Physicochemical and pharmacological characterization of alpha-tocopherol-loaded nano-emulsion system.

The main purpose of the present study is to develop a novel nano-emulsion (NE) formulation of alpha-tocopherol (alpha-TC) with enhanced oral bioavailability and pharmacological effects. Three NE formulations of alpha-TC at different loading amounts (10%, 30% and 50%) were prepared by a mechanochemical method. Physicochemical properties of NE formulations were characterized with a focus on the morphology by transmission electron microscopy (TEM), droplet size distribution and zeta-potential by dynamic light scattering (DLS), and long-term stability. According to the TEM images and DLS data, mean diameters of NE droplets ranged from 80 to 400nm, in proportion to the amount of loaded alpha-TC. Although all NE formulations of alpha-TC were found to be negatively charged with the zeta-potential of ca -40mV, NE formulations at alpha-TC content of 30% or higher exhibited severe aggregation of droplets in NE formulations during long-term storage.
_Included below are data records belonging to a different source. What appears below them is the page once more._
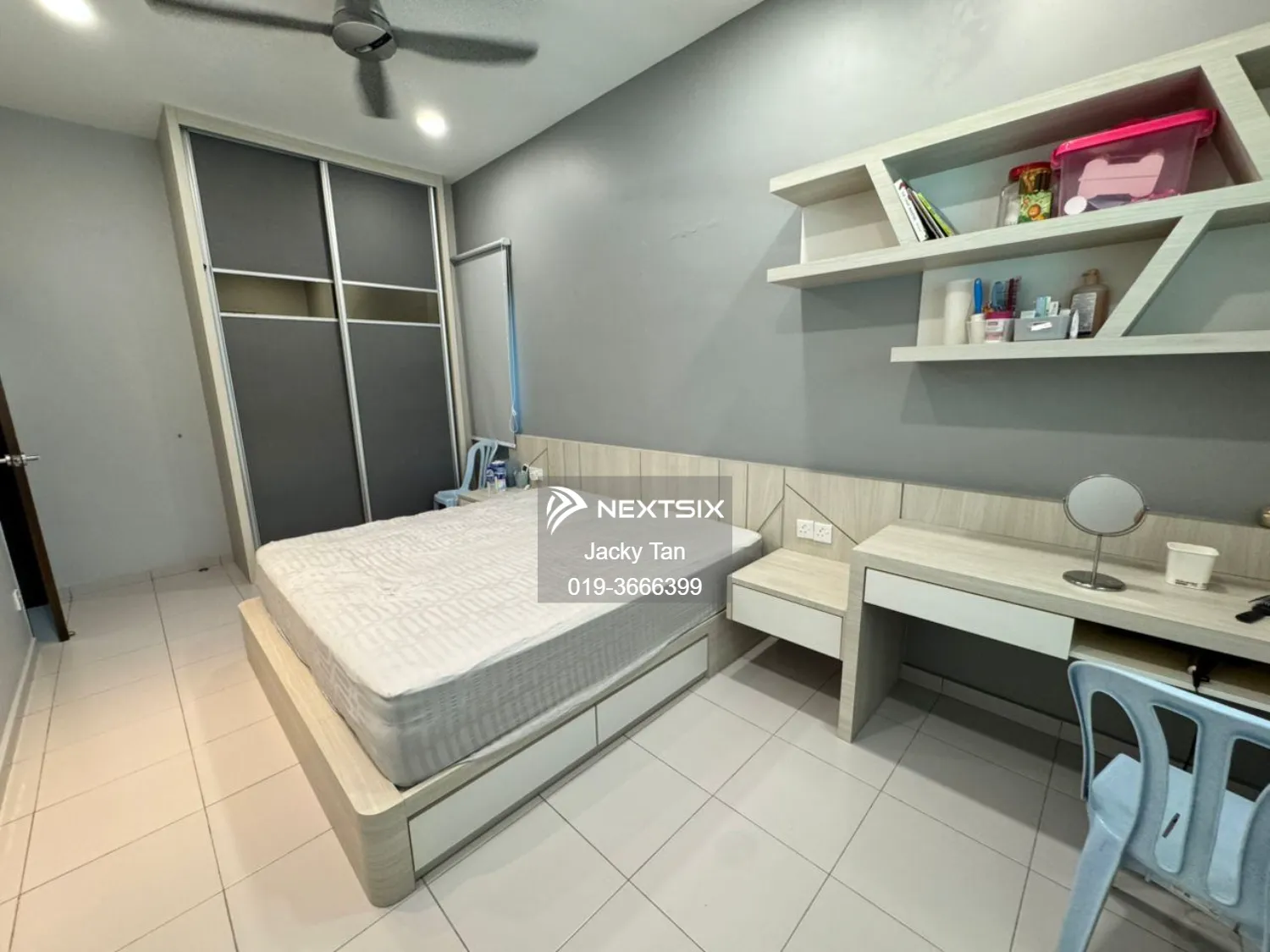 2-sty Terrace/Link House For Sale in Semenyih Selangor - Image 7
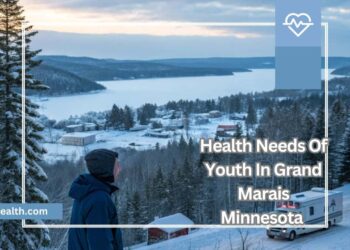 Health Needs Of Youth In Grand Marais Minnesota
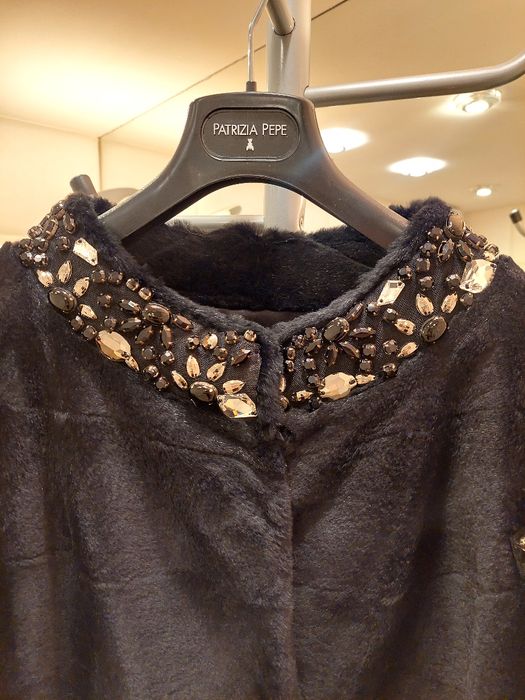 Шуба норкова BYTE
After oral administration of 10% alpha-TC-loaded NE formulation (30mg alpha-TC/kg) in rats, higher alpha-TC exposure was observed with a 2.6-fold increase of bioavailability as compared to the control mixture of oil and alpha-TC. In streptozotocin-induced diabetic rats, oral administration of the alpha-TC-loaded NE formulation (30mg alpha-TC/kg) exhibited a significant reduction of lipoperoxidant in several organs, especially the liver; however, the control mixture was less effective. With these findings, the NE approach might be efficacious to improve the oral bioavailability and anti-oxidative activities of alpha-TC.